To start, I created a file called template-stream.php, which I placed in the templates directory within my child theme. In my case, this directory also contained the files template-cover.php and template-full-width.php, which correspond to some of the default templates that WordPress Twenty Twenty comes with (mentioned earlier).

A screenshot of the templates directory in a WordPress child theme, that shows where template-cover.php, template-full-width.php, and template-stream.php live on the WordPress server.

In order for my custom template to appear as an option in the WordPress back-end, I needed to add a little bit of information to the top of your template file:

<?php
/*
Template Name: Stream Template
Template Post Type: post, page
 */
get_template_part( 'singular' );

The commented-out frontmatter in this code block is super important. It tells WordPress the name of the template, and what post types are permitted to use this template. the get_template_part() function tells the server which template part to use for the rest of the page.

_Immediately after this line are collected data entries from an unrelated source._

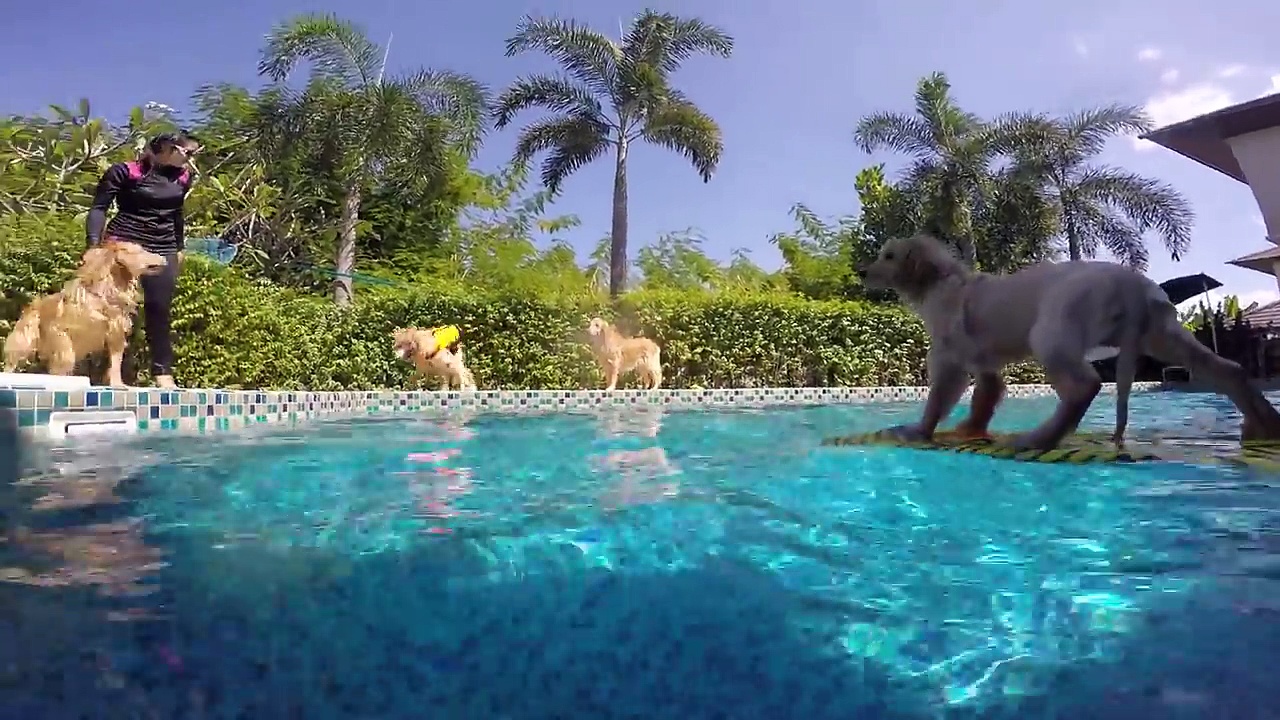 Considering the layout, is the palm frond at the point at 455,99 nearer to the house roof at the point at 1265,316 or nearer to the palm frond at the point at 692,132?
the palm frond at the point at 692,132

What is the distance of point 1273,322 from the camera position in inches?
780

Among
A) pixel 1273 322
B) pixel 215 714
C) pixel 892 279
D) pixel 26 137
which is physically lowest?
pixel 215 714

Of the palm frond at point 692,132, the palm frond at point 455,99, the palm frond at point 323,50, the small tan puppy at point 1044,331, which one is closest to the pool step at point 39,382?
the small tan puppy at point 1044,331

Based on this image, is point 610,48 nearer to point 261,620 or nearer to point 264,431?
point 264,431

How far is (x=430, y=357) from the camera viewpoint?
34.0 feet

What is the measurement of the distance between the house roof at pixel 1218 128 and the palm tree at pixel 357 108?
13.0 metres

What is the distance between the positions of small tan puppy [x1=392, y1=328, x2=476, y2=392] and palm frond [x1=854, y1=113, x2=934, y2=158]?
12.6 meters

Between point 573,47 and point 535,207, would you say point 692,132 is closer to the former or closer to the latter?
point 573,47

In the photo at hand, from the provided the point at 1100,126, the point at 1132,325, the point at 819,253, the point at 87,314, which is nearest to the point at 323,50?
the point at 87,314

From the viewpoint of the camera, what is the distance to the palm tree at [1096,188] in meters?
18.7

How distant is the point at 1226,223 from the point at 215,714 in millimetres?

With just this little bit of PHP in the file, the template shows up as a layout option within the Page Attributes section of the WordPress editor:

A screenshot of the Page Attributes options in the WordPress post editor for a page, with the new Stream Template defined above selected.

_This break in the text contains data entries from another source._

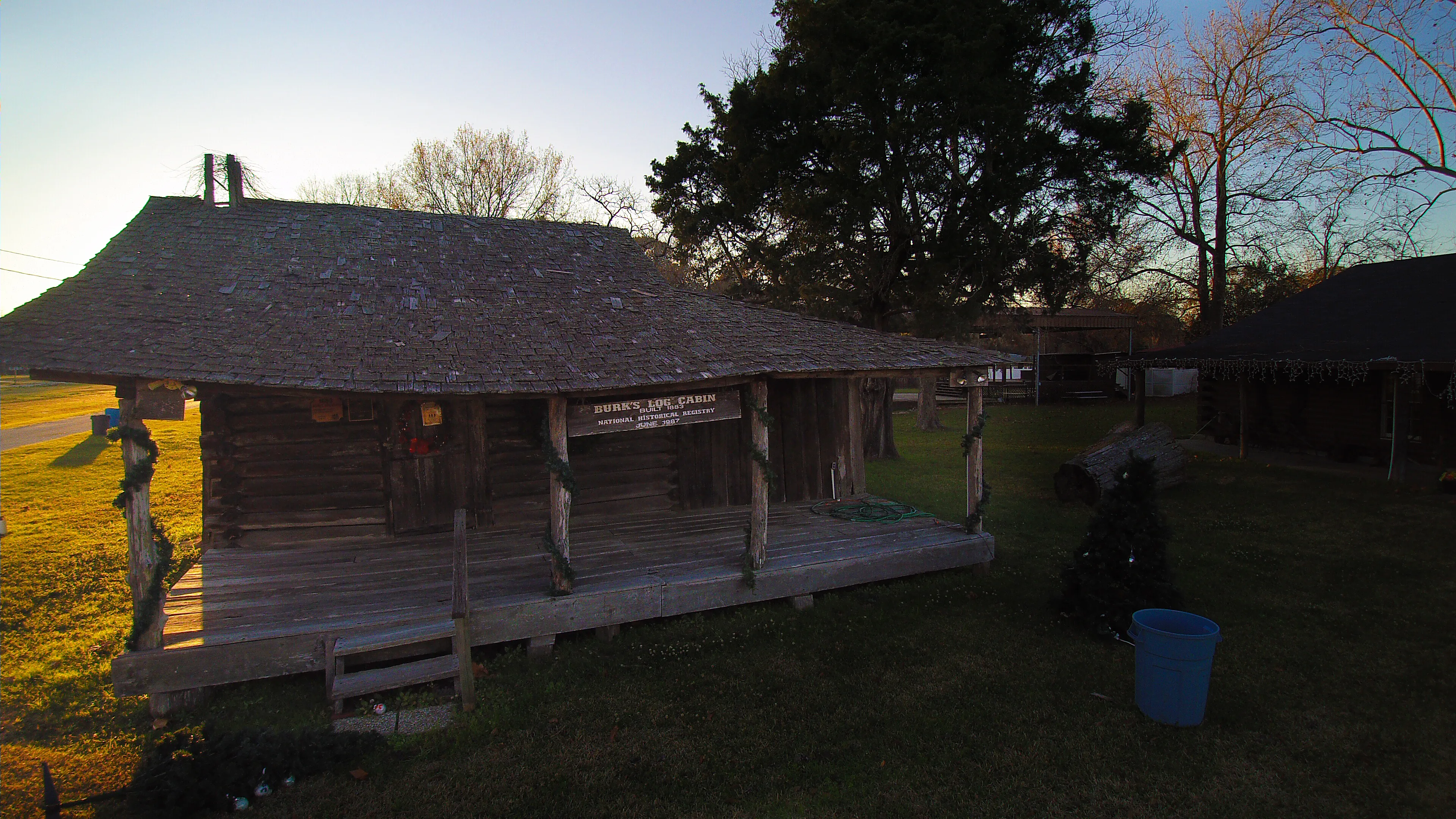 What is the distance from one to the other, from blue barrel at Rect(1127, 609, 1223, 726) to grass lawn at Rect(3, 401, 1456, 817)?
0.16 metres

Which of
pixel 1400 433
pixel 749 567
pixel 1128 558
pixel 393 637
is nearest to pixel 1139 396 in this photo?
pixel 1400 433

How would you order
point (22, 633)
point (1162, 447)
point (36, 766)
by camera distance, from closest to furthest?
point (36, 766), point (22, 633), point (1162, 447)

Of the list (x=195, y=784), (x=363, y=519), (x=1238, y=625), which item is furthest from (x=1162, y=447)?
(x=195, y=784)

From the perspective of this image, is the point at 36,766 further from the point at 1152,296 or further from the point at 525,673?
the point at 1152,296

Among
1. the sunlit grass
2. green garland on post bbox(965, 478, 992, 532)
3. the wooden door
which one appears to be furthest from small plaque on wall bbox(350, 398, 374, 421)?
green garland on post bbox(965, 478, 992, 532)

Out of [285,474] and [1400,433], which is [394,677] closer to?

A screenshot of options for layouts within the WordPress post editor. Options listed are Default template, Cover Template, Full Width Template, and Stream Template. Stream Template is selected.

This now opens up a lot of formatting options. Say you want a page element, for example <h2>Live Stream</h2> to appear on the page. You can use something like the following:

if ( is_page_template( 'templates/template-stream.php' ) ) {
  // the following shows up for Stream Template pages
  <h2>Live Stream</h2>
} else {
  // this will show up for any other templates
  <h2>Not a Live Stream</h2>
}

Another cool thing about this custom template is that it adds a class name to the page body that is unique to this new template. In this Stream Template example, the class that is added is page-template-template-stream. As such you can do some template-specific CSS:

body.page-template-template-stream > main#site-content> article {
  padding: 0;
  background-color: #000;
}

The above CSS is a simplified style rule that eliminates some of the padding that I didn't want for this specific template, and gives the article element a black background color.

So in creating this one WordPress Template File, I'm able to do some styling and page content formatting that only gets put into play when that specific template is selected. Otherwise, the Twenty Twenty default styles will be used. Pretty sweet!

This blog post only scratches the surface of WordPress Template Files. For a really great deep dive into the topic, you should check out A Detailed Guide To A Custom WordPress Page Templates by Nich Schäferhoff in Smashing Magazine.